Exact copy, pictures omitted: the line holding "Crompton GLS LED" and every line after it down to the end of the entries.

Data for the task below:

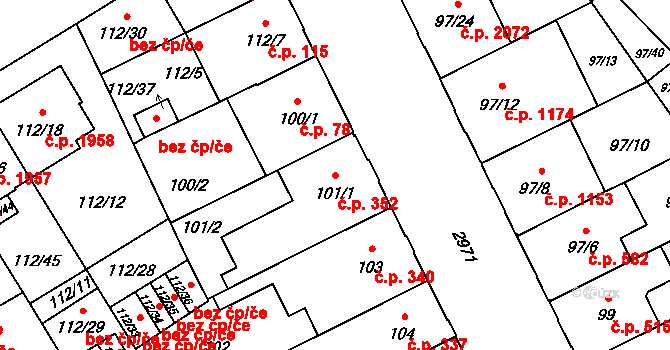 Předměstí 352, Opava na parcele st. 101/1 v KÚ Opava-Předměstí, Katastrální mapa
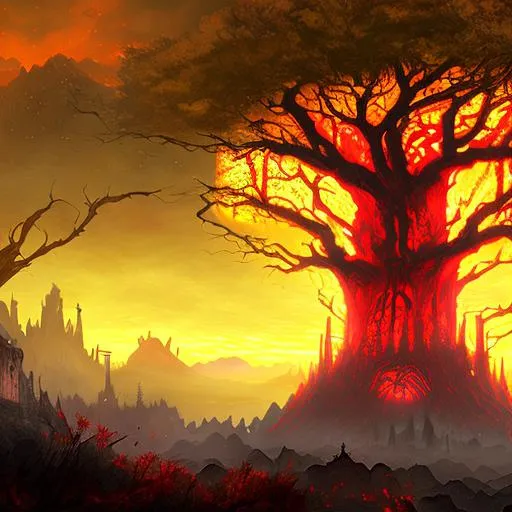 Prompt: The world of Elden Ring with the World Tree with a glowing yellow/red hue in the background and a decaying castle in the foreground and all of this overseeing the world of Elden Ring zoomed out over a large landscape with a gothic art style
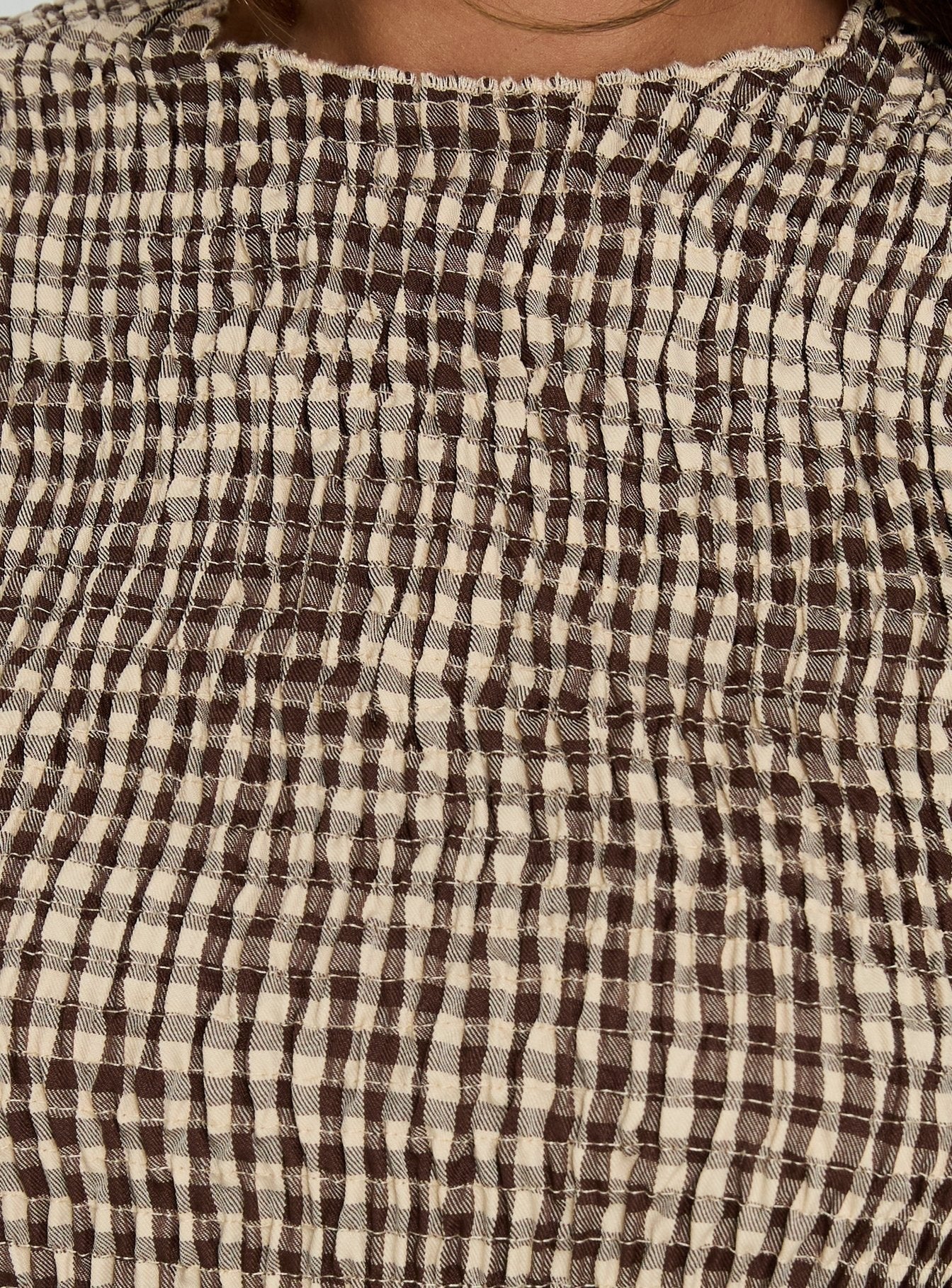 Laurita Shirred Mini Dress Brown Check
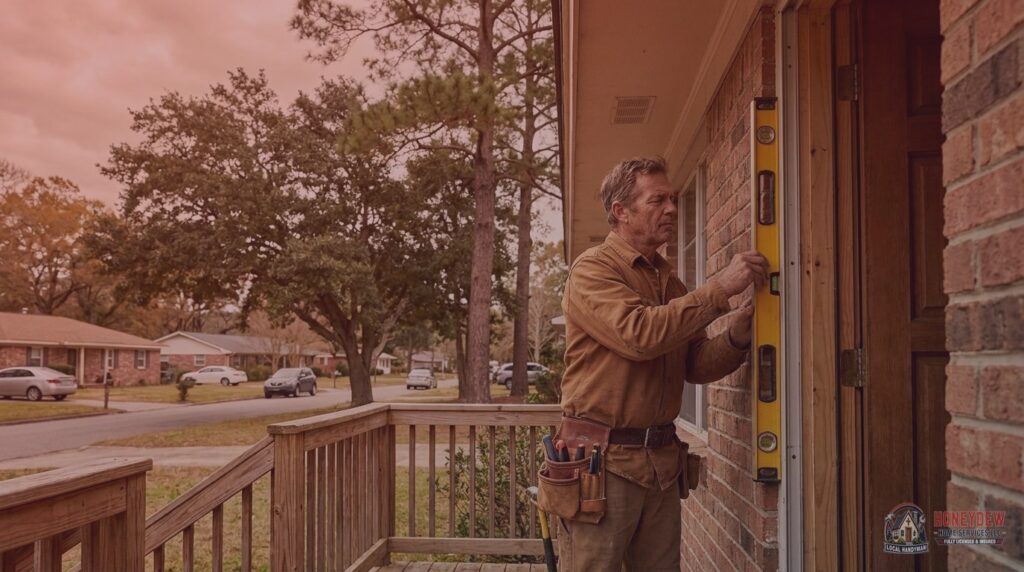 A licensed residential handyman inspecting a door frame on a ranch-style home in Hampton, GA.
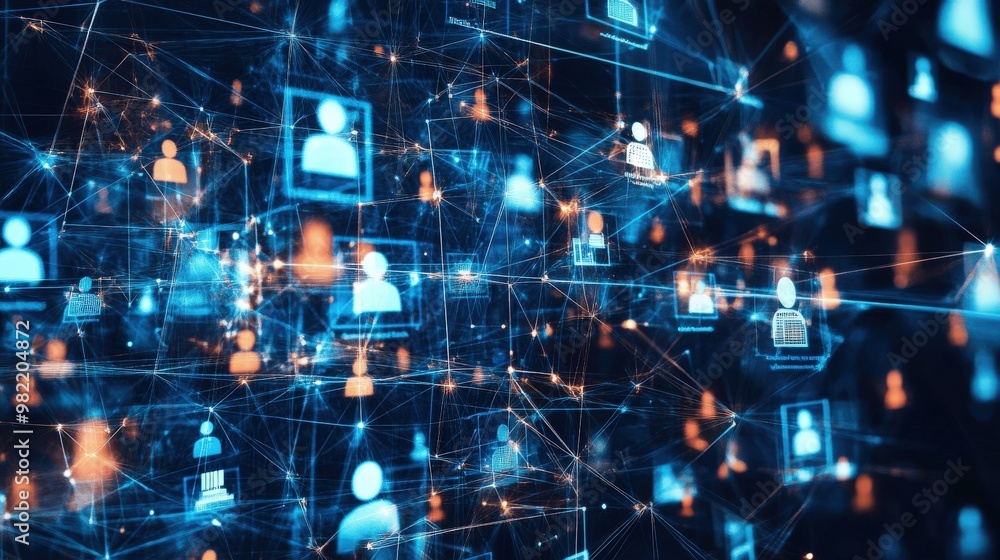 A dynamic shot of a virtual business networking event, where consultants and clients connect through digital platforms A dynamic shot of a virtual business networking event, where consultants and clients connect through digital platforms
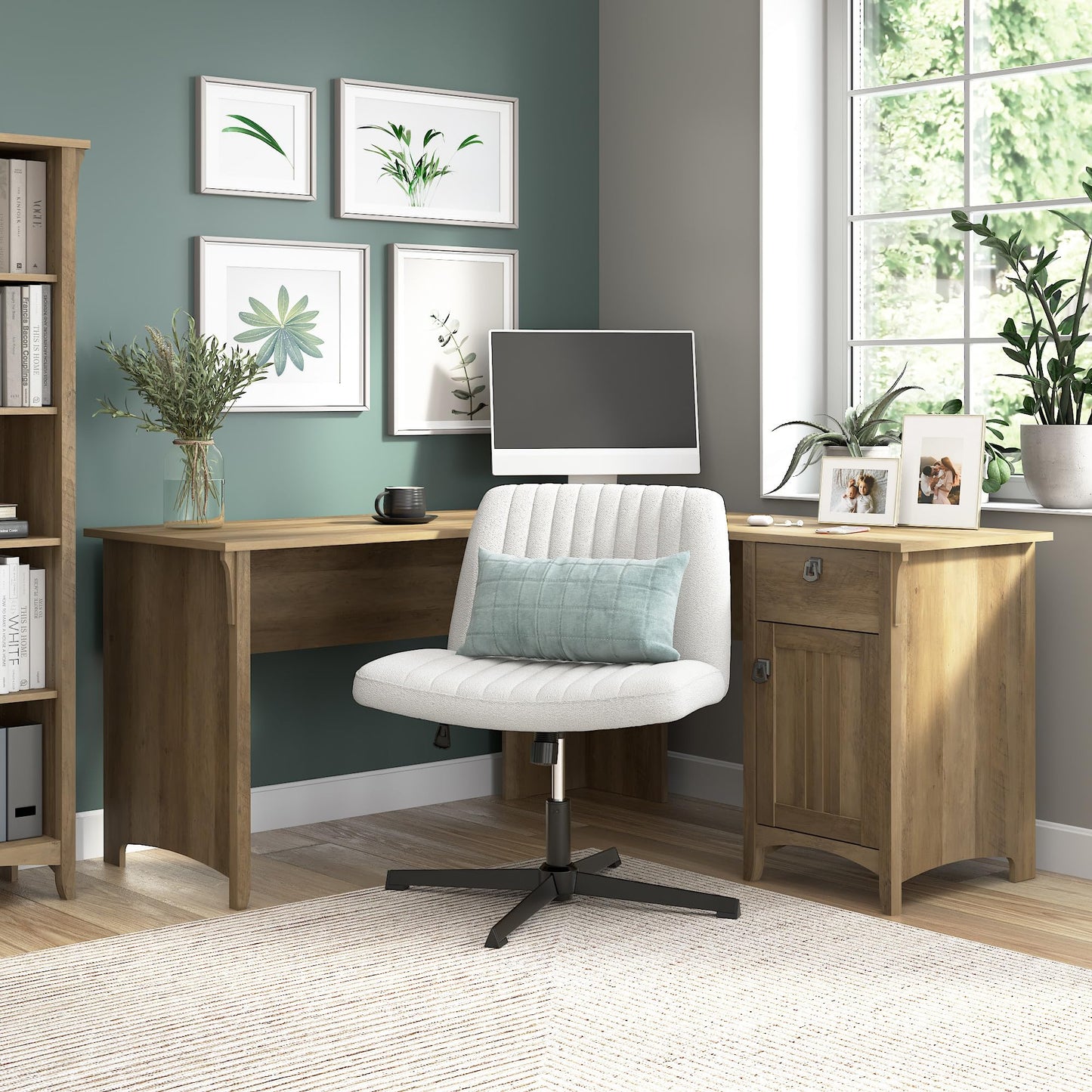 Bush Home L Shaped Desk with Storage for Home Office, Modern Farmhouse Corner Table with Drawers and Cabinets, Salinas Collection, Reclaimed Pine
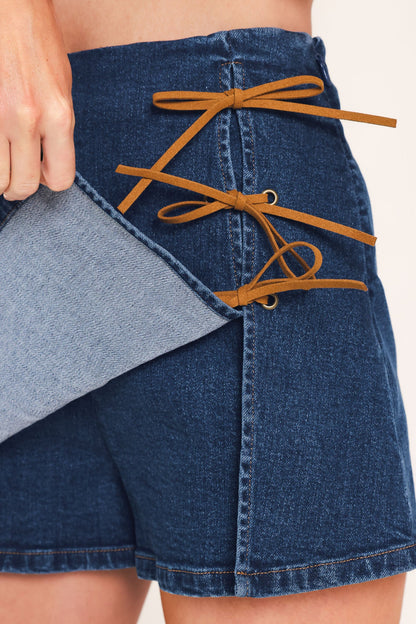 Retro Café Denim Skort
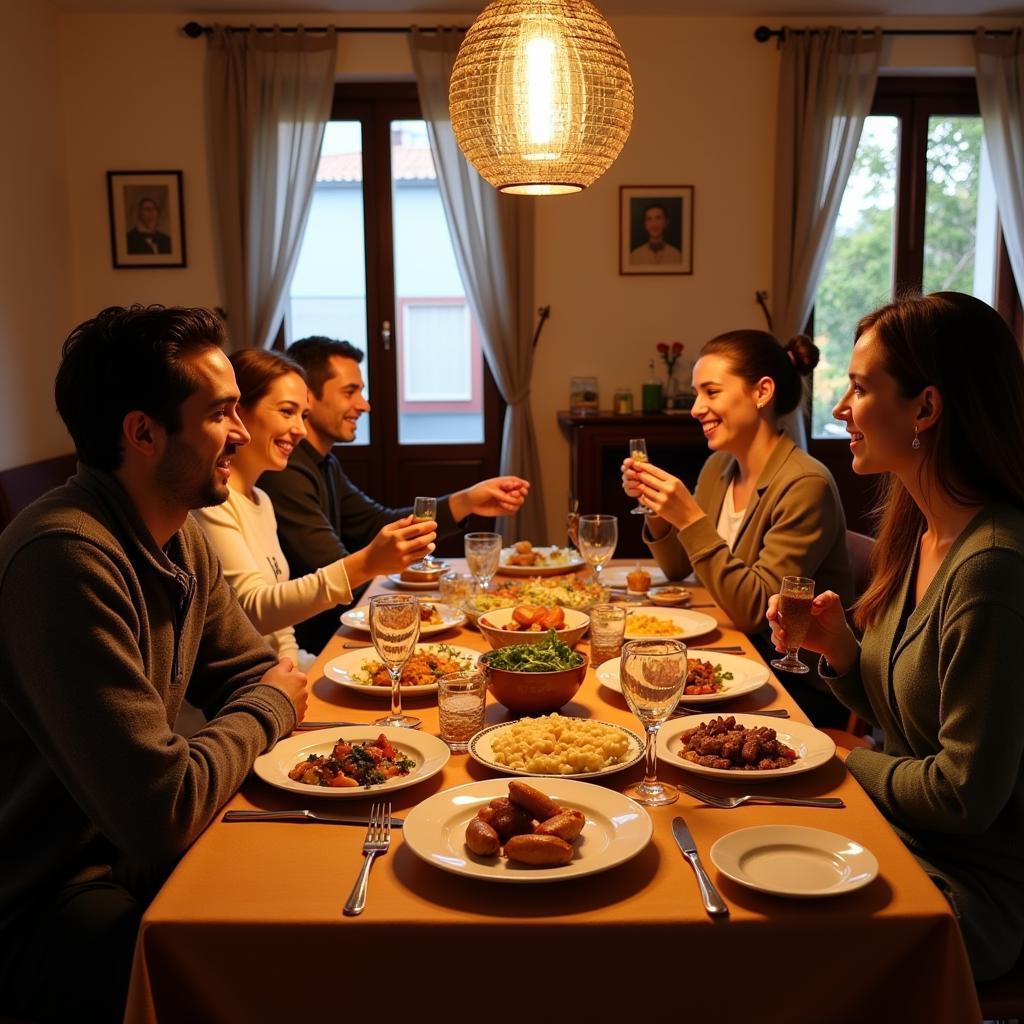 Family Dinner in a Spanish Homestay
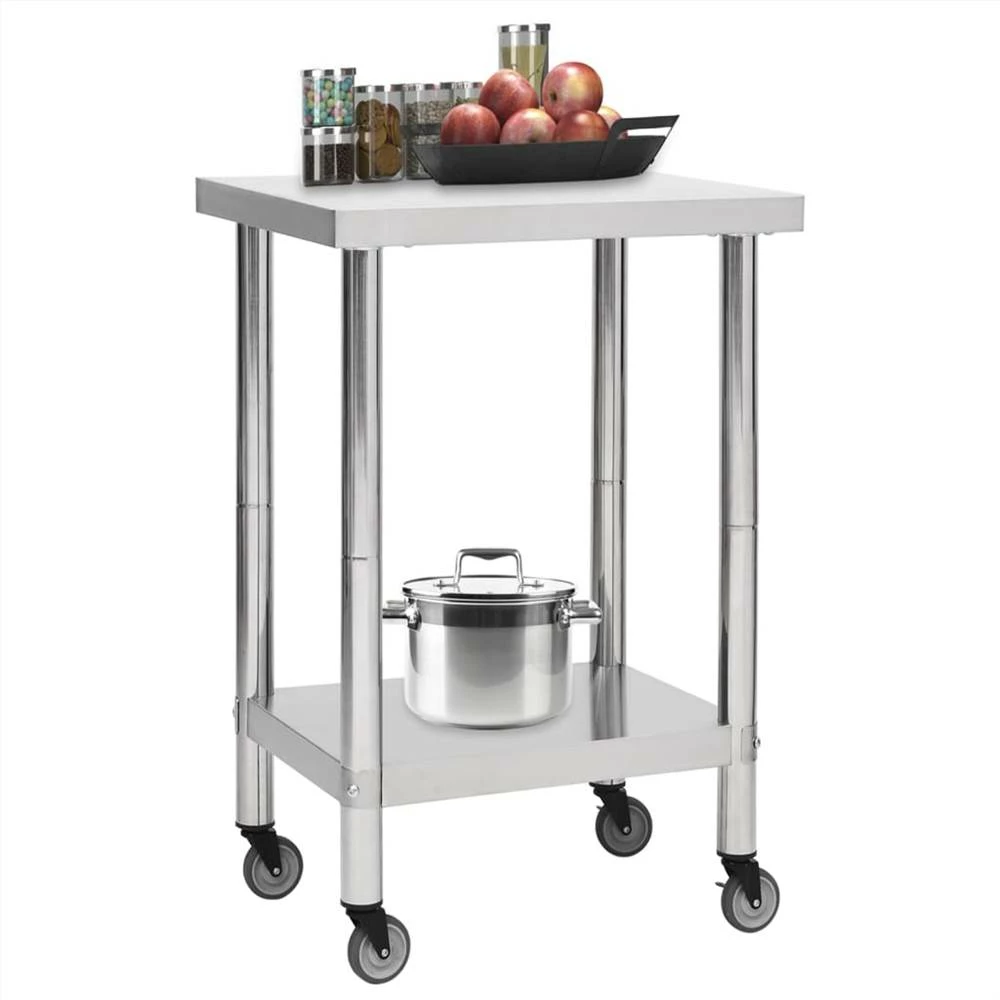 Coupon π Kitchen Work Table with Wheels 60x60x85 cm Stainless Steel π₯ - Image 2
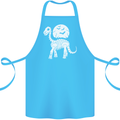 A Dinosaur Skeleton With a Full Moon Halloween Cotton Apron 100% Organic Turquoise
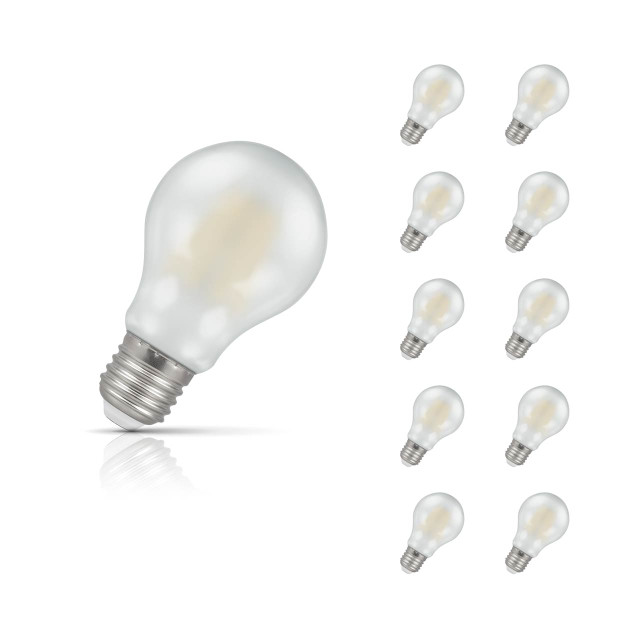 Crompton GLS LED Light Bulb E27 7W (60W Eqv) Cool White 10-Pack Filament Pearl 1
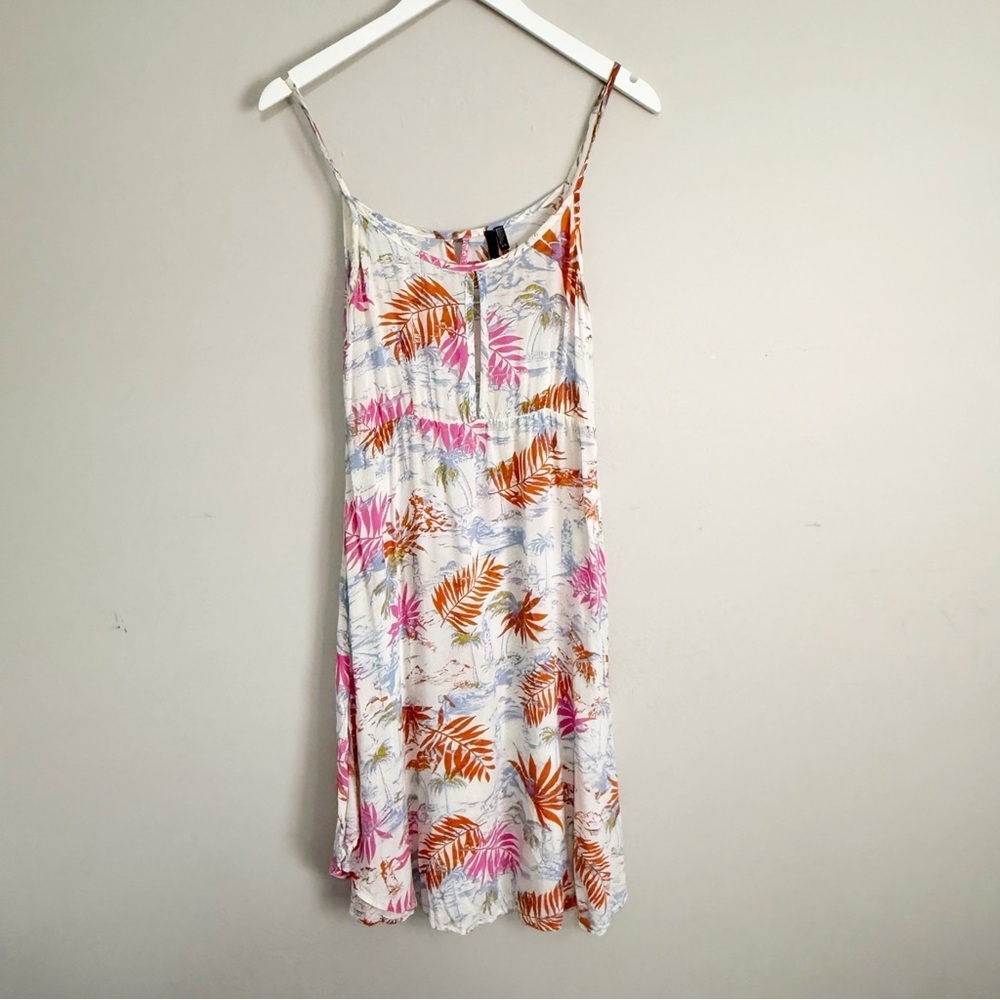 O’NEILL Women’s White Blue Pink Tropical Lighthouse Print Midi Dress Size XS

End of Data for the task.

**Response to the exercise**
 Crompton GLS LED Light Bulb E27 7W (60W Eqv) Cool White 10-Pack Filament Pearl 1
 O’NEILL Women’s White Blue Pink Tropical Lighthouse Print Midi Dress Size XS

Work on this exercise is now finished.